Tremando, il treno va avanti. Va veloce, su e giù, fa schioccare le orrecchie e mette le farfalle nello stomacho come uno scivolone sull’acqua. Violentemente rallenta, si ferma en entrano due coppie. Coppie italiane. Per ragioni al di fuori della portata di queste cronache, sentir parlare italiano mi rende subito allegro. Perché nessuna lingua è più bella. Perché nessun popolo è più emozionalmente focoso. Si fermano ad una distanza perfetta da origliare in segreto. Sono trentinni, e parlano col dialetto Lombardo.
Intorno alla stazione di Bedford, il tono vivace della loro conversazione cambia in una cosa più nera.
“Look at that. We’re clearly not in Manhattan anymore”, quella più bassa, treccia, gonfiata dal suo piumino nero, dice.
“Why?”, suo marito o fidanzato, quasi calvo coll’aura un po’ più intelligente, si informa.
“Look at the kind of people coming into the wagon.”
“Oh my god, yes”, la sua amica un po’ più alta, moglie di un amante silenzioso perfettamente preparato, afferma.
Un breve silenzio. Forse le cose andranno meglio ora. Ma no.
“I don’t understand. Who knows why they put up ads in Spanish?”, dice l’alta con disprezzo visibile, indicando gli annunci sul soffito del carro.
“Exactly. Don’t we speak English in the United States anymore?”, la bassa aggiunge alla deprecazione.
Il quasi calvo, avendo avuto frenare le sue reazioni fino a ora, non puo più controllarsi. “No”, prova di spiegare, “a large proportion of the population speaks Spanish here. It’s like that in Los Angeles. It’s the same here in New York.”
“Yes sure”, sua moglie dice con ampio scherno, facendosi beffa di lui, intentamente guardando lontano da lui, “so now you’re claiming people speak Spanish in the United States?”
“Really, in New York fifteen percent of the population speaks Spanish.” In realtà è il venti percento, ma il buono è facilmente perdonato. Le sue intenzioni sono buone.
“Typical. They come here and expect the others to adapt to them”, la più alta dice, “everywhere the same story.”
“Fuck”, la più bassa esprime, ancora senza dare più neanche un’occhiata al suo marito, punizione per la sua disobbedienza, “that’s bad.”
“Yes”, sua amica afferma.
“According to me Paris is the worst”, è la prima volta che l’uomo della seconda coppia parla. Ma sarebbe meglio se tacesse.
“No, Rome!”, sua moglie o fidanzata intromette. Donne italiane sempre sanno meglio.
“But why bad?”, il calvo – è proprio il solo buono in questa situazione – chiede.
“Scum”, suo amico risponde, come se la sua risposta fosse ridondante come gli spaghetti.

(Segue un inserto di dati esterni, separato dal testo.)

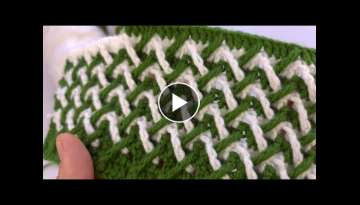 Tek Kelimeyle Şahane Süper Easy Crochet Knitting Tığ İşi Çok Güzel Örgü Modeli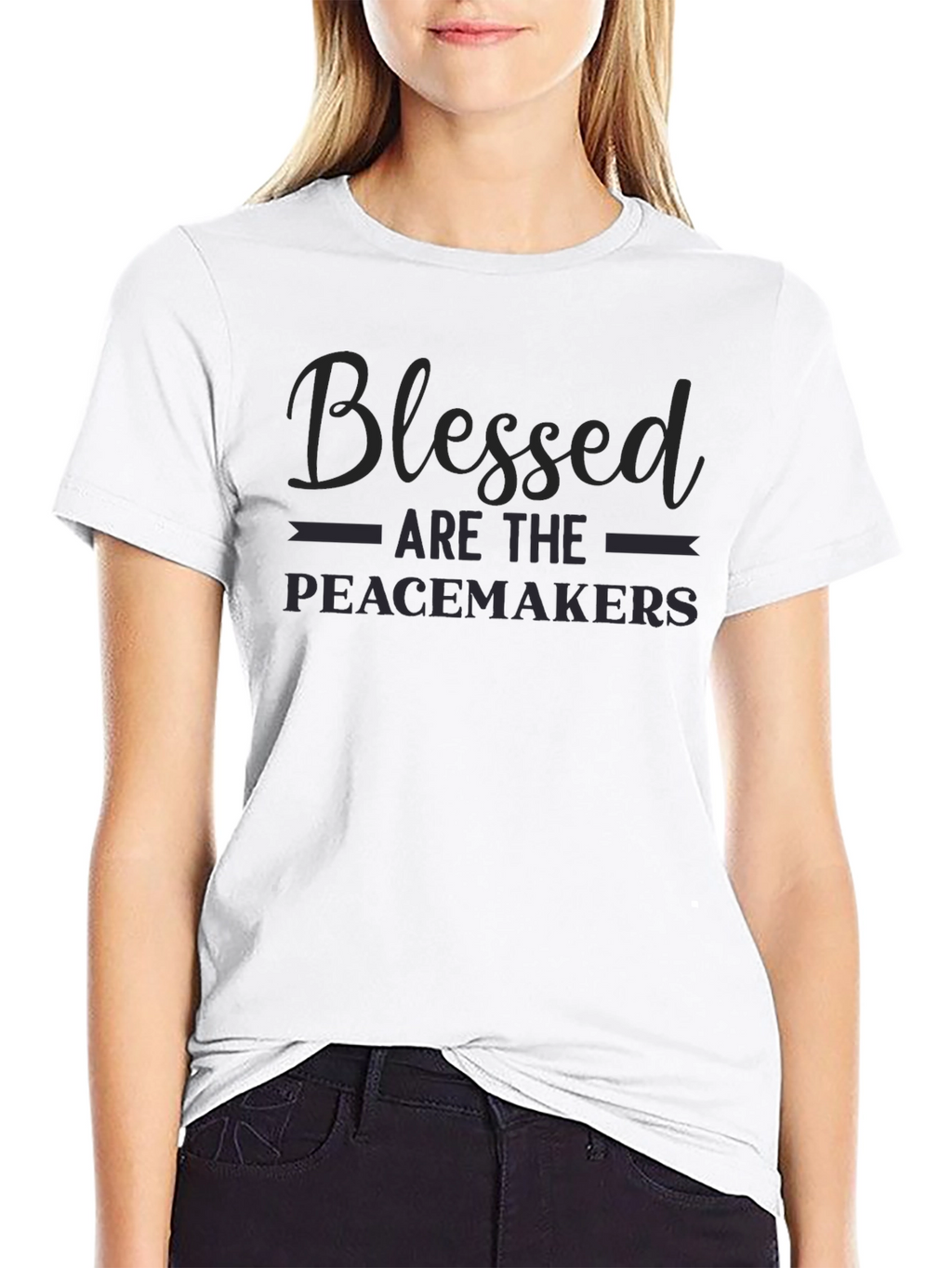 Blessed Are The Peacemakers Graphic T-Shirt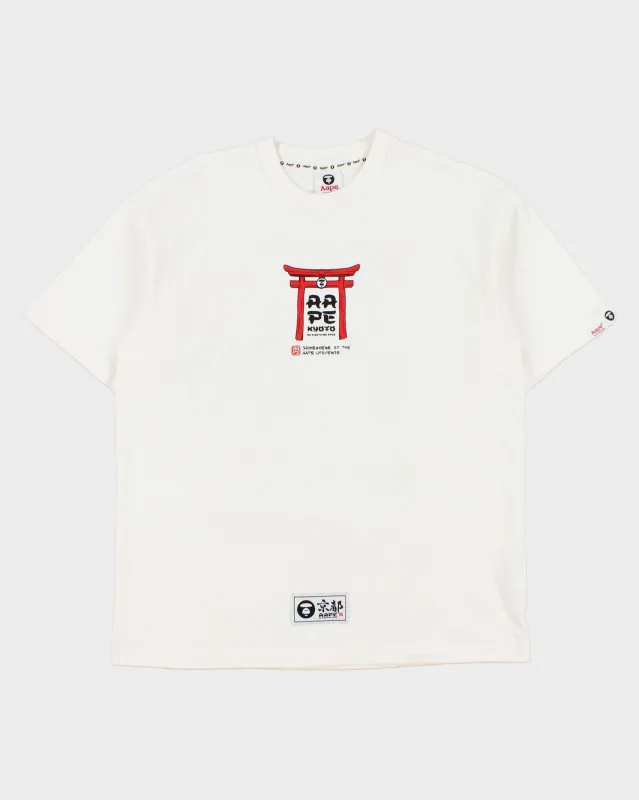 Aape By A Bathing Ape 2019 Kyoto Exclusive Flagship Store Opening Heavyweight Crewneck T-Shirt - M made by Rokit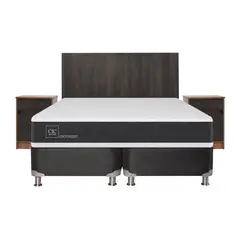 CIC - Box spring new ortopedic b5 black king + muebles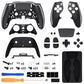 eXtremeRate Replacement Full Set Shells with Buttons Compatible with PS5 Edge Controller - Graphite Carbon Fiber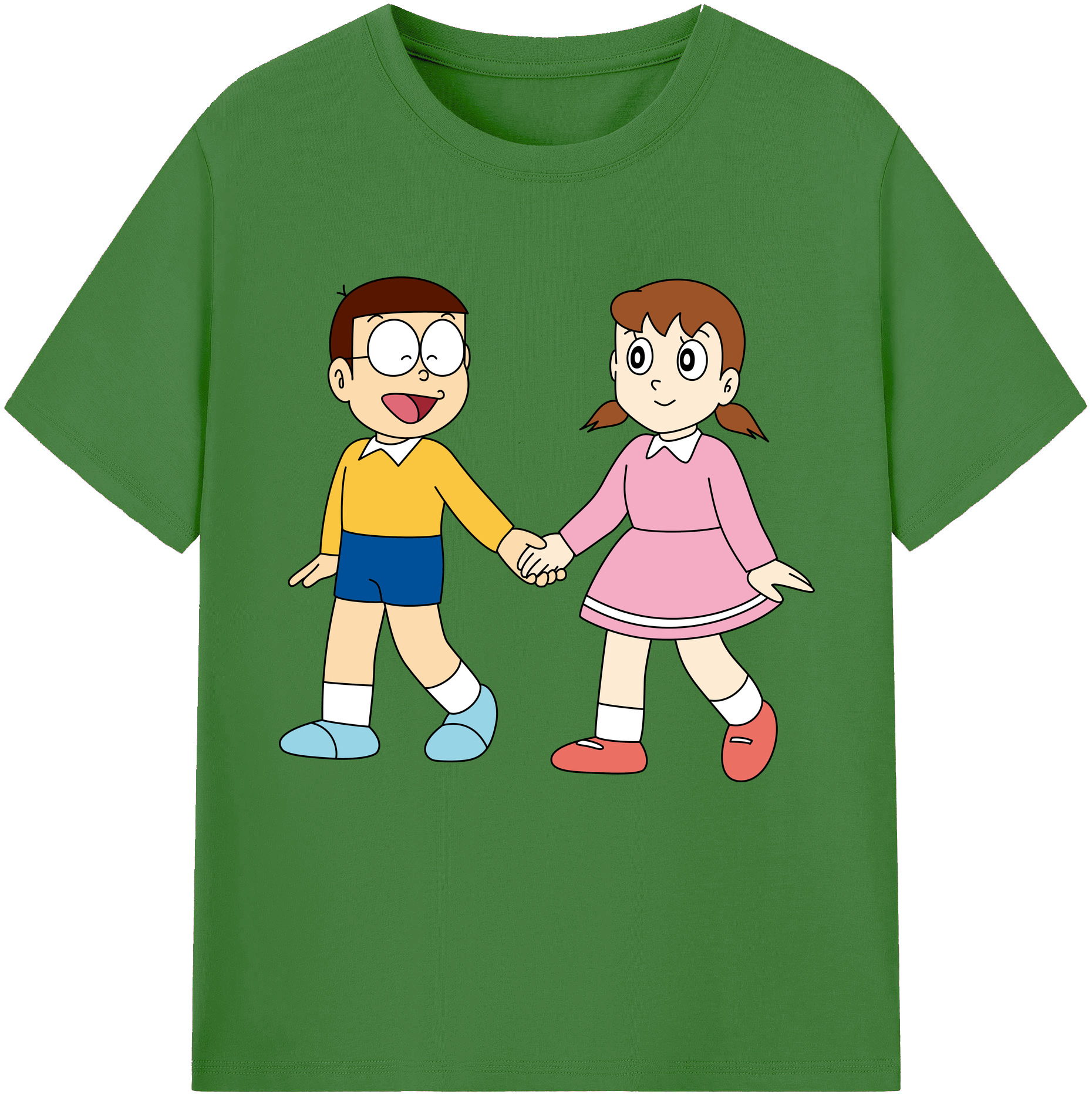 （画像用） ドラえもん 野比 のび太 Doraemon Nobita Nobi レディースカジュアルプリントTシャツ（綿100％）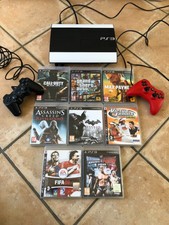 Console Sony PS3 Ultra slim 2 manettes 8 jeux, fonctionne parfaitement, bon état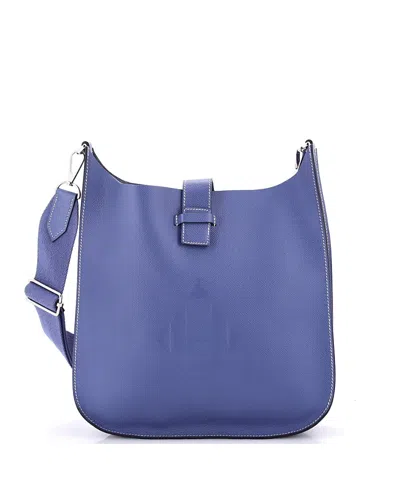Pre-owned Pre-owned Hermes  Hermes 29 Evelyne Sellier Bag Epsom In Blue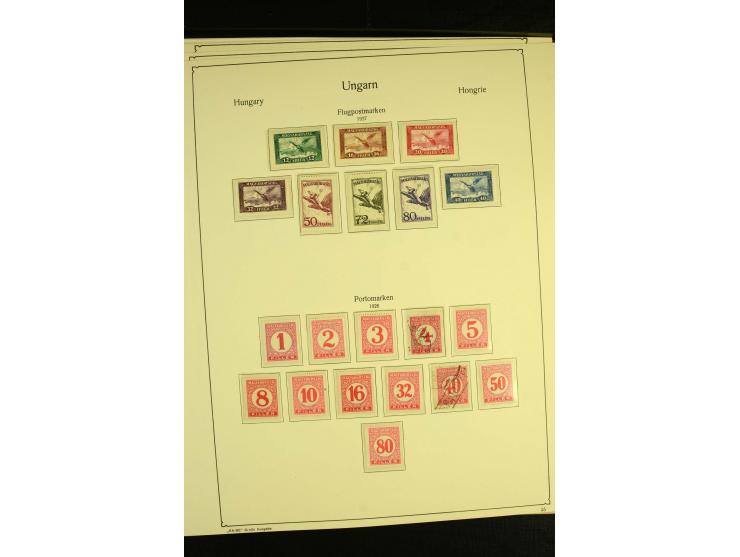 1903/43, ungebrauchte und gestempelte Sammlung mit guten Werten, Sätzen und Blocks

“Scum everywhere”, sua moglie dice.
Il treno rallenta e gli italiani finiscono il loro scambio circondati da ignare madri nere con bambini, messicani e portoricani stanchi dal lavoro. Le porte si aprono e me ne vado con quest’ultimi. I senzatetti, dispersi lungo il pavimento nella stazione congelanda, hanno coperto i loro volti per dormire.
There is no moral goodness in beauty. Non c’è bontà morale in bellezza.